Em 1998, foi desenvolvida uma análise integral, com dados de captura global, avaliações de reservas, pesquisas de redes de arrasto, entre outros, para medir a saúde mundial dos ecossistemas por meio das tendências nos níveis tróficos dos peixes durante quatro décadas. Na oportunidade, o sistema foi considerado uma inovação. Doze anos depois, a confiança neste método de avaliação perde adeptos.

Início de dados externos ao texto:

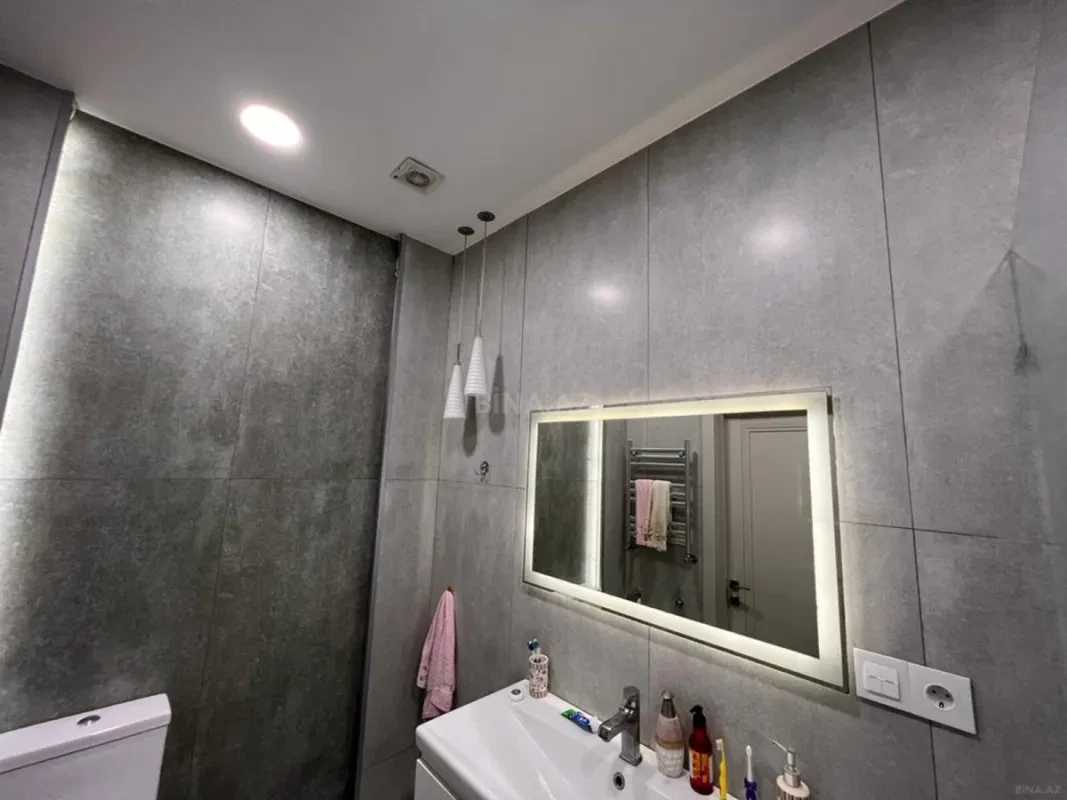 Kirayə verilir 2 otaqlı mənzil 98 m²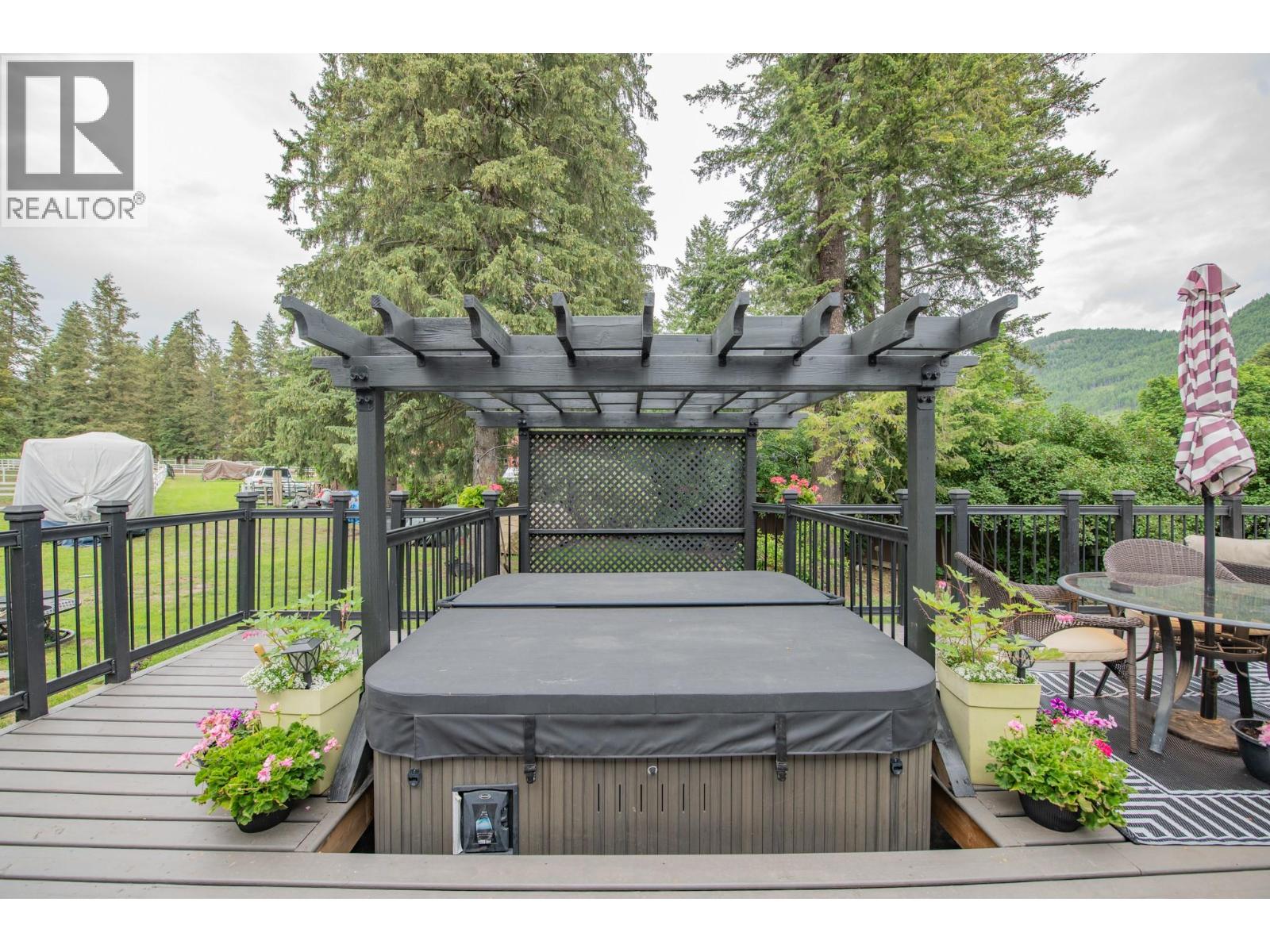 272 Lumby Mabel Lake Road - 28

Um estudo feito por Trevor Branch, da Universidade de Washington, junto com cientistas da Austrália, Grã-Bretanha, Canadá e Estados Unidos, expõe as falhas de analisar a saúde do ecossistema pelas mudanças nos níveis tróficos da captura. Trevor e sua equipe baseiam seus resultados em uma grande quantidade de pesquisas que consideram a quantidade e os tipos de peixes que realmente vivem nos ecossistemas, bem como dados de captura, para questionar o modelo aceito. O sistema atual tem duas grandes falhas, disse Trevor.
“Primeiro, em pouco menos da metade dos ecossistemas a medida da captura aumenta quando o ecossistema piora, ou diminui, quando melhora. Segundo, a medida pode permanecer constante, mesmo com maior quantidade de espécies dentro de um ecossistema em crise”, explicou. O significado dos resultados é fundamental, insistiu Trevor, porque “esta medida é muito usada como indicador para determinar a saúde dos ecossistemas marinhos”.
Por exemplo, o Convênio sobre a Diversidade Biológica usa a média do nível trófico da captura como parâmetro principal da diversidade marinha. “O documento de 1998 foi tremendamente influente na coleta de dados sobre capturas e níveis tróficos e, ainda, alertou para os impactos da pesca nos ecossistemas”, afirmou Trevor.
“Os novos dados, com base em pesquisas de pesca de arrasto e avaliações de populações de peixes, nos mostram que as capturas não eram suficientes”, prosseguiu o cientista. “No futuro teremos de apontar aos recursos limitados da melhor forma, nos concentrando nas espécies mais vulneráveis à pesca e criando indicadores que reflitam a abundância, a biodiversidade e a saúde do ecossistema marinho. Somente com esse esforço poderemos avaliar o impacto humano”, ressaltou Trevor.